# Epicurious website



## coulis-o (Jan 23, 2010)

just stumbled upon this website, looks good 

www.epicurious.com


----------



## greg (Dec 8, 1999)

It's not bad. I used to frequent it 10 years ago until one of the members there told me about cheftalk. I've never looked back.


----------



## kyheirloomer (Feb 1, 2007)

Just be careful, as there is a coterie of members there who seem to believe in contention for its own sake, and are always starting flame wars. The moderators, meanwhile, have a very weird sense of balance, and do little to control the strife.

I was active there for several years, but finally walked away because of the devisiveness that rules, and the refusal of the admin people to address the issue.


----------



## phoebe (Jul 3, 2002)

KYHeirloomer said:


> Just be careful, as there is a coterie of members there who seem to believe in contention for its own sake, and are always starting flame wars. The moderators, meanwhile, have a very weird sense of balance, and do little to control the strife.
> 
> I was active there for several years, but finally walked away because of the devisiveness that rules, and the refusal of the admin people to address the issue.


Epicurious? Really? It always seems to be filled with nice ladies who cook for their families. Maybe you mean "the other guys"? (egullet?)


----------



## kyheirloomer (Feb 1, 2007)

Nah, ah, Phoebe. I know exactly what I mean. I could give you a list of such episodes, I could.

Think not. Here's a test. Start a thread at Epi asking if anyone's heard from Gretchen lately, and see what happens. Then, after the furor dies down, I'll tell you the whole story.

Alternatively, ask why there's no PM program anymore. 

Based on being a member for several years, I can tell you that in my experience, Tanya Steele has to be the worst administrator on the web.


----------



## phoebe (Jul 3, 2002)

KYHeirloomer said:


> Nah, ah, Phoebe. I know exactly what I mean. I could give you a list of such episodes, I could.
> 
> Think not. Here's a test. Start a thread at Epi asking if anyone's heard from Gretchen lately, and see what happens. Then, after the furor dies down, I'll tell you the whole story.
> 
> ...


wow! /img/vbsmilies/smilies/eek.gifI had no idea.
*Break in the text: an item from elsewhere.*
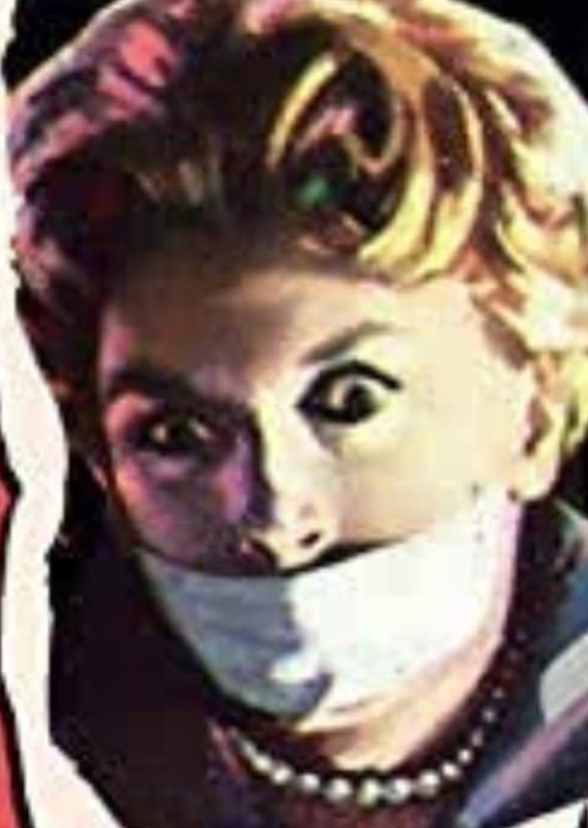 A Bloody Sight (1969)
And here I was thinking it was just a pleasant recipe place. 
And remind me never to doubt you again. /img/vbsmilies/smilies/blushing.gif


----------



## left4bread (May 8, 2009)

KYHeirloomer said:


> ...Here's a test. Start a thread at Epi asking if anyone's heard from Gretchen lately, and see what happens. Then, after the furor dies down, I'll tell you the whole story.
> 
> Alternatively, ask why there's no PM program anymore...


it's tempting just to hear the story...

I just go to that site when I need a basic recipe for something and my memory isn't working. Mostly just for home cooking. Haven't checked out their forum, though. Now I have to. Hehe!

Hey Phoebe/Emily! Nice to see a fellow 'hamster on here. /img/vbsmilies/smilies/smile.gif
Small world.


----------



## koukouvagia (Apr 3, 2008)

I use epi for searching recipes as well.  I like that all the recipes have reviews and always read them when I seek out a recipe.  Not too long ago I was searching for a souffle recipe and all the reviews said that while the recipe states that it serves 6-10 it really only serves 4-6.

As for the forums, I was a member and can assure that Kyheirloomer is right on all accounts.  I never want to hear the name Gretchen again.


----------



## leeniek (Aug 21, 2009)

I didn't even know they had forums.  I only use it for recipe ideas.


----------



## kyheirloomer (Feb 1, 2007)

_I never want to hear the name Gretchen again.

_Koukouvagia, just because you look cute with smoke coming out of your ears......

Gretchen, Gretchen, Gretchen, Gretchen, Diane.

Snuck that last one in to see if you were paying attention. /img/vbsmilies/smilies/crazy.gif


----------



## kyheirloomer (Feb 1, 2007)

Leeniek, at one time all their recipes came either from _Gourmet _or _Bon Appetite. _They are, after all, Conde Nast's on-line connection.

Lately, however, I notice they've been importing more and more recipes; many of which are untried. To me, that makes them no different than any other recipe dump---that is, the jury is out on any recipe found there.


----------



## koukouvagia (Apr 3, 2008)

KYHeirloomer said:


> _I never want to hear the name Gretchen again.
> 
> _Koukouvagia, just because you look cute with smoke coming out of your ears......
> 
> ...


Oh I'm definitely awake. Feels good to be away from dumb and dumber for so long. It's been a little over year since I've abstained from the epi drama. I don't miss Chubbs in the slightest either.


----------



## nicko (Oct 5, 2001)

Guys, can we kill this thread? No hard feelings but it keeps coming up in our featured threads, activity feeds etc and I don't want to send the competition any more traffic than we need to.

/img/vbsmilies/smilies/rolleyes.gif


----------